History of Nepal

Nepal has a long glorious history. Its civilization can be traced back to thousands of years before the birth of Christ. History reveals dynasties of Ahirs and Gopalas, Kirants, Licchavis and Thakuris ruling the country before the Malla period began. Modern Nepal is an amalgamation of a number of principalities which had independent entities in the past. Before the campaign of national integration launched by King Prithivi Narayan Shah – the first Shah King of Nepal, Kathmandu valley was ruled by the Malla Kings, whose contribution to arts and culture are indeed great and the Malla era is considered to be the golden age of Nepal. In 1768 A.D., the Shah King defeated the Malla Kings and unified the country that was divided into small independent Kingdoms.

The revolution of November 1950 brought an end to autocratic Rana regime that ruled the country for 104 years since 1846 A.D. The Ranas seized all the power from the Shahs but revered the existence of King in Nepal. After the fall of Ranas in February 1951, Nepal first saw a dawn of democracy. The parliamentary government under the multi-party system was adopted for some years which was later followed by Panchayat System in 1960. The popular people’s movement of 1990 reinstated the multi party democratic system and the new democratic constitution of the Kingdom was promulgated on November 9, 1990.
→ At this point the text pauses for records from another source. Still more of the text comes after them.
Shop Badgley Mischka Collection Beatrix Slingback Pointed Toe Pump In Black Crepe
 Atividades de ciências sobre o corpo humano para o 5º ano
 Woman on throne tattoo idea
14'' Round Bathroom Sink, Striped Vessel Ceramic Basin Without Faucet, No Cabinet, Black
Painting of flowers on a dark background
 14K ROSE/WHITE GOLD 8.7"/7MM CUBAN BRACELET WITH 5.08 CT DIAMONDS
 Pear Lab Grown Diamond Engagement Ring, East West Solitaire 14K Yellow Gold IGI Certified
Gyanendra Bir Bikram Shah Dev became the king of Nepal on June 4, 2001, following the death of his elder brother late King Birendra Bir Bikram Shah Dev. This was not the first time for Gyanendra to have been crowned as the King of Nepal. He was declared king during a political plot on November 7, 1950 when both his father King Mahendra and his grandfather King Tribhuvan along with other royals fled to India. In January 1951, his grandfather King Tribhuvan returned to Nepal and resumed the throne.

After ascending the throne, Gyanendra dismissed the parliament in October 2002 and declared a state of emergency in the country. He also dismissed a series of prime ministers and by February 2005, took complete control.

In April 2006, King Gyanendra was forced to give up his absolute rule following wide spread protests. He was stripped from all his political and cultural rights.

On May 28, 2008, Nepal was declared a federal democratic republic by the newly elected Constituent Assembly. The Nepali government then sent a letter to King Gyanendra to vacate the Narayanhiti palace within the 15-day deadline given by the Constituent Assembly. With the new Constituent Assembly in effect, Gyanendra and his family now assume their roles as general citizens of Nepal, with Gyanendra being the last in the line of the Shah Dynasty.